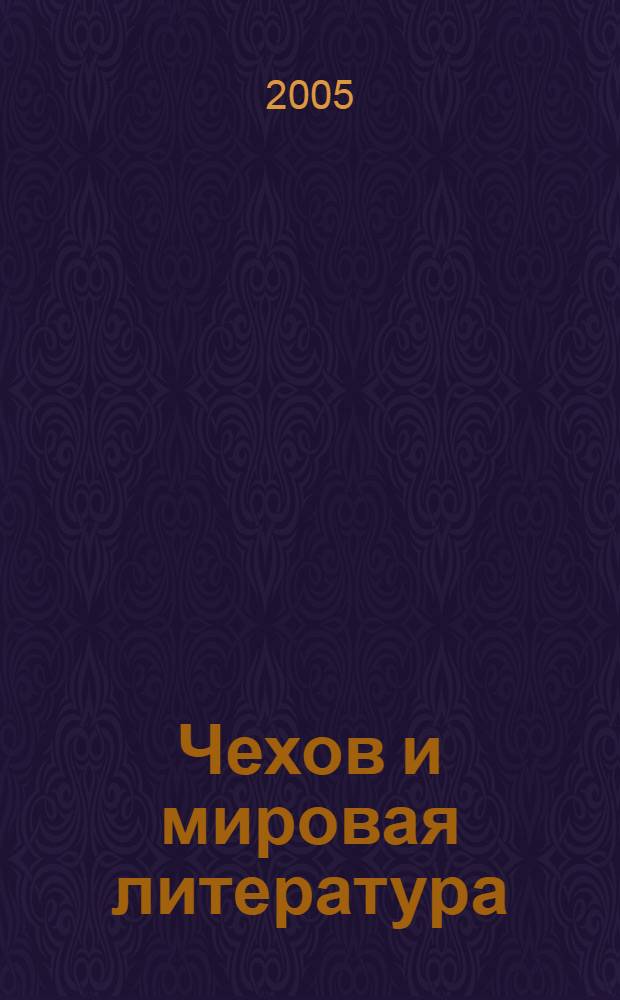 Чехов и мировая литература : в 3 кн
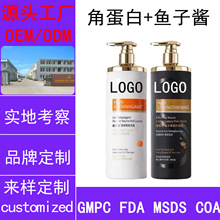 定制鱼子酱发膜多肽角蛋白改善干枯补水顺滑水疗营养护发素代加工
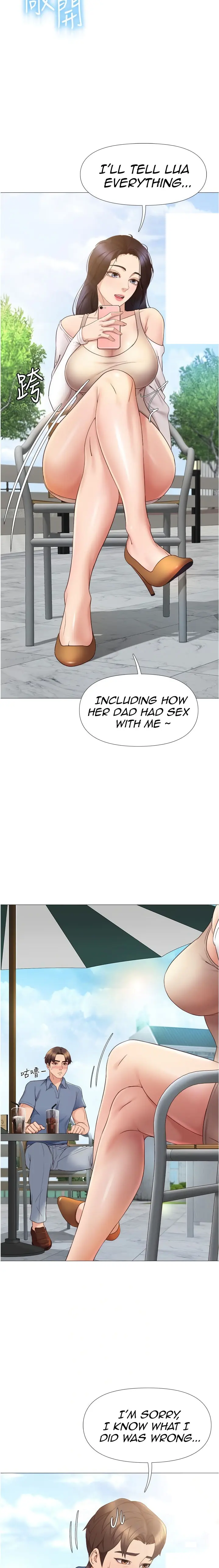 Daughter Friend Chapter 7 - Page 7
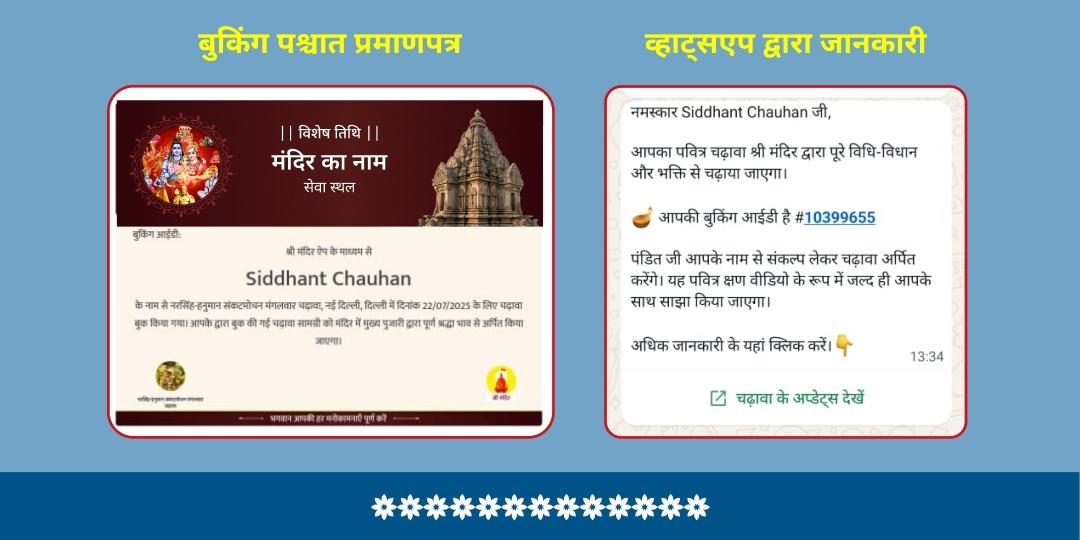 स्कंद षष्ठी विजय-शक्ति प्रदायक कार्तिक स्वामी चढ़ावा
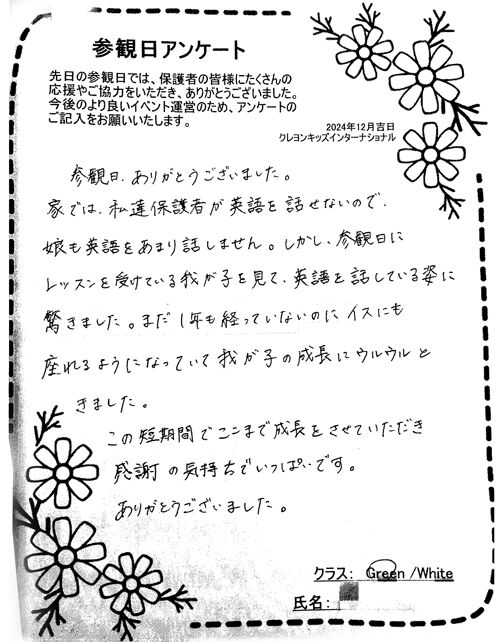 参観日アンケート2024_インター-4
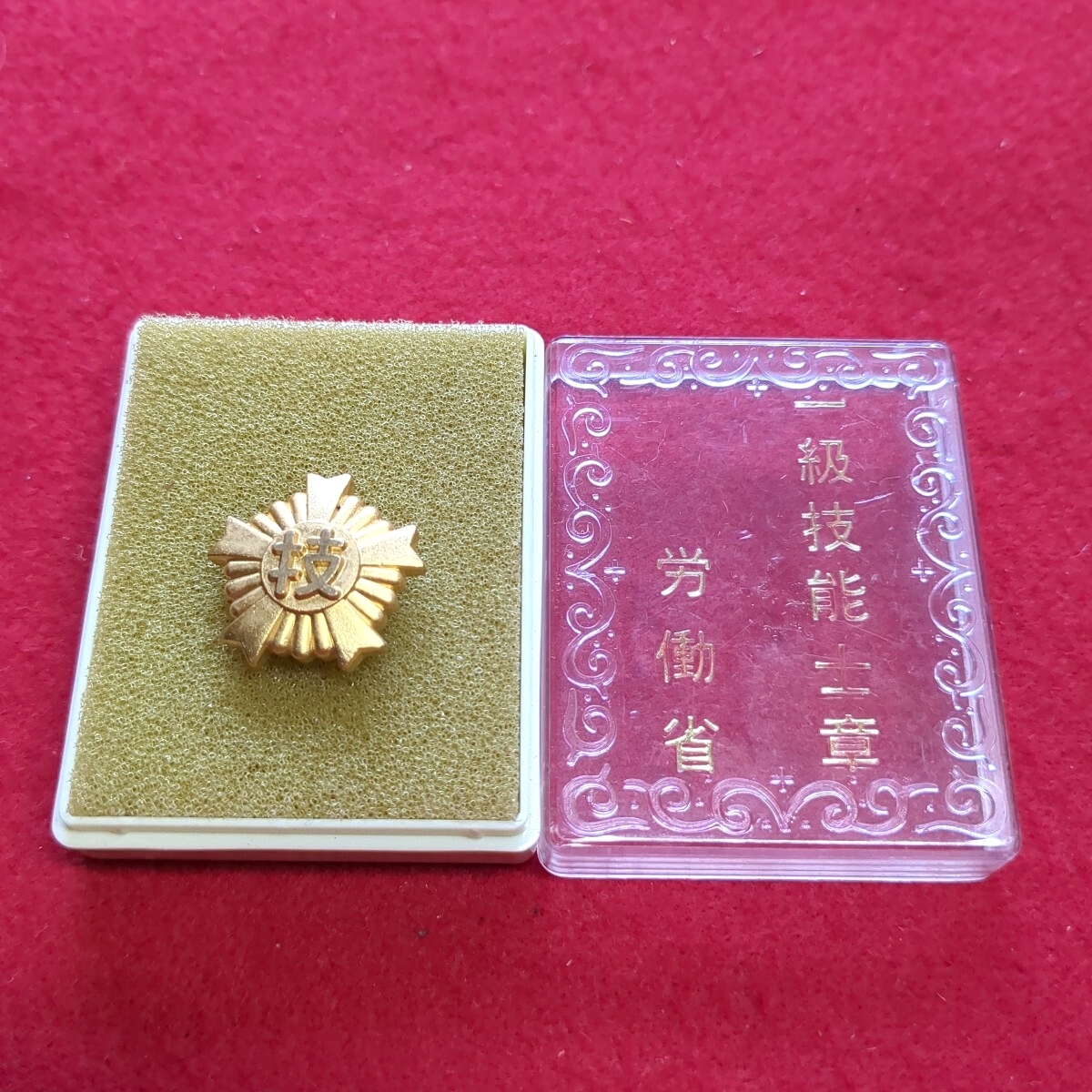 一級技能士章 バッジ ピンバッジ 記章 金色 徽章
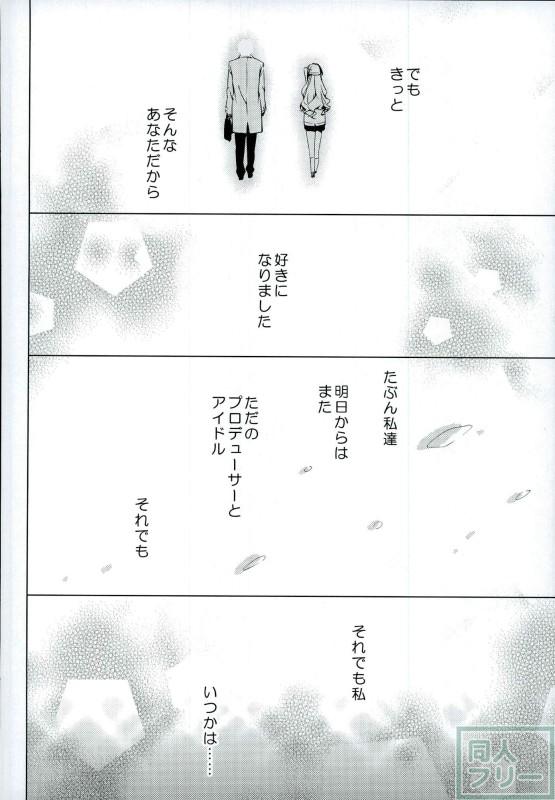 にんぎょはゆき <> 018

_Prompt_
Restate the data word for word and exclude every picture.

_Task result_
 Чехов и мировая литература : в 3 кн
 定制鱼子酱发膜多肽角蛋白改善干枯补水顺滑水疗营养护发素代加工
 Daughter Friend Chapter 7 - Page 7
 स्कंद षष्ठी विजय-शक्ति प्रदायक कार्तिक स्वामी चढ़ावा
 参観日アンケート2024_インター-4
 一級技能士章 バッジ ピンバッジ 記章 金色 徽章
 にんぎょはゆき <> 018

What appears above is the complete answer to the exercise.